Por um novo tipo de trabalhador
O mercado da inteligência artificial (IA) tem atraído talentos brasileiros com salários muito acima da média para engenheiros, matemáticos e outros profissionais que se destacam na área.
Mas nem todos os envolvidos com esta tecnologia estão em uma posição invejável.
Há todo um contingente de trabalhadores terceirizados que fazem um trabalho manual laborioso, ganham menos da metade de um salário mínimo, em média, e, por isso, têm mais de um emprego para conseguir pagar as contas — mas são essenciais para que os sistemas de IA sejam capazes de operar.
Os chamados “operários de dados” são considerados “trabalhadores fantasmas” porque executam nos bastidores uma série interminável de microtarefas para refinar as inteligências artificiais.
“Os sistemas de IA requerem muito trabalho humano manual e discreto para funcionarem, o que evidentemente contradiz a narrativa dominante da progressiva e inexorável automação”, diz a socióloga Paola Tubaro, especializada da ciência da computação e professora e pesquisadora do Centro de Pesquisa em Economia e Estatística, na França.
“Por isso, empresas de tecnologia e desenvolvedores de IA não se dispõem a divulgar esse tipo de trabalho, que assim permanece escondido, ou seja, ‘fantasma’”.
Mas o que faz um operário dos dados?
“Eles inserem dados para treinar e moderar sistemas e atividades de IA”
Esse tipo de atividade ficou conhecida como microtrabalho, pela natureza fragmentada das tarefas envolvidas. O fenômeno é novo, assim como os termos usados para descrevê-lo, diz Grohmann.
“Temos usado muito o termo data workers [operários de dados, em tradução livre do inglês], o que os diferencia dos tech workers [profissionais de tecnologia], que são os responsáveis por produzir, projetar e analisar os dados da IA”.
Na prática, esses trabalhadores (de dados) também podem ser chamados de “treinadores de IA”.
Pegue um sistema como o ChatGPT, por exemplo. Os “treinadores” são responsáveis por alimentar o robô com as informações e dados que ele precisa para responder perguntas de usuários, auxiliar em traduções, fazer pesquisas, dentre outras tarefas.
Praticamente todos os sistemas de IA dependem destes operários de dados. Redes sociais, por exemplo, os contratam para monitorar as postagens e interações e detectar ações que ferem suas regras ou a lei.
Na comparação com uma fábrica tradicional, esses profissionais seriam o chão de fábrica.

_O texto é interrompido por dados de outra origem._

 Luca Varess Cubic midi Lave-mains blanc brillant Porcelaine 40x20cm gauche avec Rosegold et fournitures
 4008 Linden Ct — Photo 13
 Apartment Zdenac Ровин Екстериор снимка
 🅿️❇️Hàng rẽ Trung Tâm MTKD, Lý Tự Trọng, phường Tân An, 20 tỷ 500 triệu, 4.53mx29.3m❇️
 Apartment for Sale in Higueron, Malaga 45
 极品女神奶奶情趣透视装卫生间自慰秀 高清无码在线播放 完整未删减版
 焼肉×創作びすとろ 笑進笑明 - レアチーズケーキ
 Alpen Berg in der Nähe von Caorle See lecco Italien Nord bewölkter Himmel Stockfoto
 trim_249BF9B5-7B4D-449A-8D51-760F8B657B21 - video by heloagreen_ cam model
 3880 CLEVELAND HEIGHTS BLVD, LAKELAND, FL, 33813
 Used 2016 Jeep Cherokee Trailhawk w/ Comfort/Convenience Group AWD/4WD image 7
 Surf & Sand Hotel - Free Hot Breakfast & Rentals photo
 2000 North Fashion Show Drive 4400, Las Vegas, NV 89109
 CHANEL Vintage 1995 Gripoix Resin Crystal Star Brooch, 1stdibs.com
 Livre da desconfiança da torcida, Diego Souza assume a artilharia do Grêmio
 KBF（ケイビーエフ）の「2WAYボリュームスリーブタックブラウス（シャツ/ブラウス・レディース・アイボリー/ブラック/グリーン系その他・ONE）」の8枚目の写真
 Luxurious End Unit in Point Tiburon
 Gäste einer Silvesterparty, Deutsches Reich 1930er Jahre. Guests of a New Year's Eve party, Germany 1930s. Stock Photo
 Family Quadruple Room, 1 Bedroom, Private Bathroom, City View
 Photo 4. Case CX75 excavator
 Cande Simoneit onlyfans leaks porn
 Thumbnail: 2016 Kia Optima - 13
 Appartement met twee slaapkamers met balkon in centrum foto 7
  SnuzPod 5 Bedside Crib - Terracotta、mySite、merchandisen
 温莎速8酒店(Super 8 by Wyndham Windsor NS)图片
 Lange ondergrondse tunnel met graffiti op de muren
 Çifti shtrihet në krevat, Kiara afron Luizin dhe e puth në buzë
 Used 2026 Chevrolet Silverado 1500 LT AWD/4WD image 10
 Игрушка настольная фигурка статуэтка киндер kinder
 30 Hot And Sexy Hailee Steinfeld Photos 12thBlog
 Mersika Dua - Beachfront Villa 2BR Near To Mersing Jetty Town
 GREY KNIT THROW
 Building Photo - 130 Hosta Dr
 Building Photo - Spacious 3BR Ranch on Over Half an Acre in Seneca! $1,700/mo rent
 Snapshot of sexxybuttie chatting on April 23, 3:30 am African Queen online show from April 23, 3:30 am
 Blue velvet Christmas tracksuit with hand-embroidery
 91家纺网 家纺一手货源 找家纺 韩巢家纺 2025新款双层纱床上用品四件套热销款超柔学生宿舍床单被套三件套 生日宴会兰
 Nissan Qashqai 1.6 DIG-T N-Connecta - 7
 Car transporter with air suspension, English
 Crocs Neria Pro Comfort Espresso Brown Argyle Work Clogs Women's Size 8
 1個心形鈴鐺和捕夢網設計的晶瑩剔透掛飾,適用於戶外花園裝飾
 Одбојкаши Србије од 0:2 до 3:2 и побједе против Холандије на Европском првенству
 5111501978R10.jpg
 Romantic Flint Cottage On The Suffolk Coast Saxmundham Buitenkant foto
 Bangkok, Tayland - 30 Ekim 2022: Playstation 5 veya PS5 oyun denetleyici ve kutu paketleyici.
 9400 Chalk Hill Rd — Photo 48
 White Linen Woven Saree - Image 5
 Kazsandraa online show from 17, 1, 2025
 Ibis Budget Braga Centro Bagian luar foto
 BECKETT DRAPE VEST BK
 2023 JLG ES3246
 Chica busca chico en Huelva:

“A lógica do que é a classe operária vai mudando com o tempo. Essa é uma nova apresentação do que são os blue-collars [termo em inglês para a classe operária] e os white-collars [os executivos, que estão longe das tarefas manuais]”
Quanto ganha um operário de dados?
Os operários de dados ganham, em média, R$ 583,71 por mês em um emprego, segundo a pesquisa Microtrabalho no Brasil: Quem são os trabalhadores por trás da inteligência artificial.
Esses trabalhadores ganham por cada tarefa concluída e não por hora trabalhada. Segundo o estudo, esse valor médio mensal corresponde a cerca de 15,5 horas de dedicação por semana.
Quem são os trabalhadores fantasmas?
A pesquisa Microtrabalho no Brasil constatou que há muitas pessoas com diploma universitário fazendo esse tipo de serviço.
Dos quinze participantes selecionados para entrevistas, como uma amostra representativa do setor, treze eram formados em cursos variados, como direito, administração, ciências da computação e fisioterapia.
Sete em cada dez trabalhadores deste mercado têm entre 18 e 35 anos, segundo o estudo. De cada cinco, três são mulheres.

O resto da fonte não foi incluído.